In May 2002, Vesta contracted to buy a fifty-five acre parcel of land in Titusville, Florida, which Vesta intended to develop as a residential subdivision. The contract provided a due diligence period, allowing Vesta time to explore the feasibility of developing the land. In August, Vesta made an offer for thirty additional acres of land, contiguous to the first fifty-five acres, *1178 for wetlands mitigation and restoration in connection with its planned project.

As part of its due diligence, Vesta needed an environmental assessment to determine what portion of the land was developable, what portion consisted of wetlands, and how much land would have to be set aside for wetlands mitigation. Vesta contracted with Lotspeich to perform the environmental assessment. The contract required Lotspeich to provide its services in "a thorough, competent and professional manner," and further required Lotspeich's work to be "conducted in a manner consistent with the level of care and skill ordinarily exercised by members of the environmental consulting profession in the same locale and acting under similar circumstances and conditions." Howe is an ecologist who was employed by Lotspeich at the time. He was assigned as the employee primarily responsible for Lotspeich's performance of the Vesta contract.

Howe's preliminary assessment indicated that forty-two of the fifty-five acres were wetlands. Additionally, Howe indicated that $75,000.00 per acre would have to be spent for wetlands mitigation in order to develop the land. Relying on this information, Vesta cancelled its contract to purchase the fifty-five acre parcel, and revoked its offer for the additional thirty acres.

In early 2004, Vesta's president learned that the Titusville property had been developed by another buyer for single family residences. Curious, Vesta then obtained a copy of the environmental assessment done by Canaveral Engineering Group, ("Canaveral"), for the company that eventually developed the land. Canaveral's assessment included all of the land Lotspeich had assessed, plus some additional acreage.[1] Canaveral's study reported only twenty-two acres as wetlands and found seventy-five acres to be developable. Accordingly, the second developer proceeded with its project.

Vesta then hired another firm to re-inspect the land originally inspected by Lotspeich. This firm concluded that forty-six of the fifty-five acres Vesta previously planned to develop were developable; that three acres were marginal wetlands; and that fourteen acres were wetlands. Based upon these later surveys, Vesta concluded that Howe and Lotspeich had negligently assessed the land in 2002.

In 2006, Vesta sued Lotspeich and Howe, alleging that it was damaged when it chose to forego its planned development based upon Howe's report, and seeking "lost profits associated with the development of the property." Count I alleged a cause of action against Lotspeich for professional negligence. Count II stated a cause of action for breach of contract against Lotspeich. In count III, Vesta sued Howe personally for his alleged negligence.

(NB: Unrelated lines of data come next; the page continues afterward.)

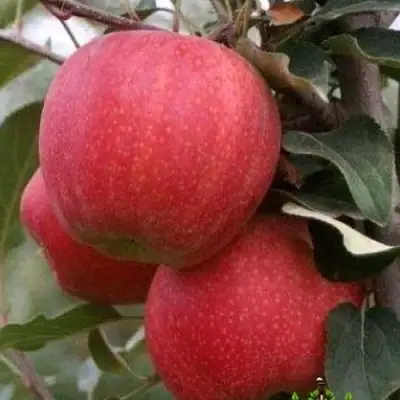 Яблоня ГАЛА ШНИГА в Витебске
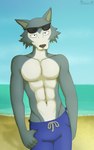 Rating: s
ID: 5641530
Date: 2025-06-14 11:55:44 -0400
Status: active
Score: 6
2023 abs anthro athletic athletic_anthro athletic_male beach beastars blue_bottomwear blue_clothing blue_shorts bottomwear canid canine canis clothed clothing day eyewear eyewear_on_head fur grey_body grey_fur legoshi_(beastars) looking_at_viewer male mammal navel pecs sand sandblastcoyote sea seaside shadow shorts smile solo standing sunglasses sunglasses_on_head swimming_trunks swimwear topless topless_anthro topless_male water white_body white_fur wolf post #5641530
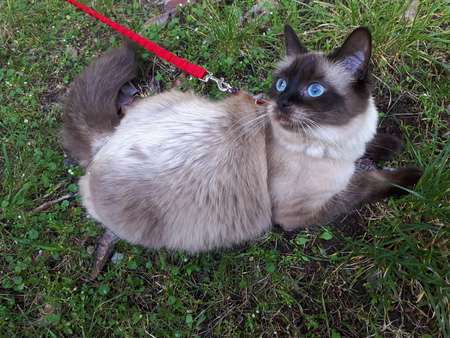 Entry image for Alice. Clicking this image will show a larger photo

Howe moved to dismiss count III of the complaint, arguing that the tort claim was barred by the economic loss rule. The lower court agreed, and dismissed the claim against Howe with prejudice. Vesta appealed, and argues that: (1) the economic loss rule does not apply to Howe because he was not a party to the contract between Vesta and Lotspeich, and employees can generally be sued personally for their own negligent actions taken during the scope and course of their duties as an employee; and (2) an exception to the economic loss rule for "negligent misrepresentations" should apply to the cause of action alleged. We will address each argument, in turn, after discussing the economic loss rule, in general. Because the sufficiency *1179 of the complaint is a question of law, our standard of review is de novo. Sobi v. Fairfield Resorts, Inc., 846 So. 2d 1204, 1206-07 (Fla. 5th DCA 2003).

The Economic Loss Rule

"The economic loss rule is a judicially created doctrine that sets forth the circumstances under which a tort action is prohibited if the only damages suffered are economic losses." Indemnity Ins. Co. of North Am. v. Am. Aviation, Inc., 891 So. 2d 532, 536 n. 1 (Fla.2004) (also explaining that "[e]conomic losses are, simply put, disappointed economic expectations"). As explained in American Aviation, Florida courts have applied the economic loss rule in two different contexts. "The first is when the parties are in contractual privity and one party seeks to recover damages in tort for matters arising from the contract." Id. at 536.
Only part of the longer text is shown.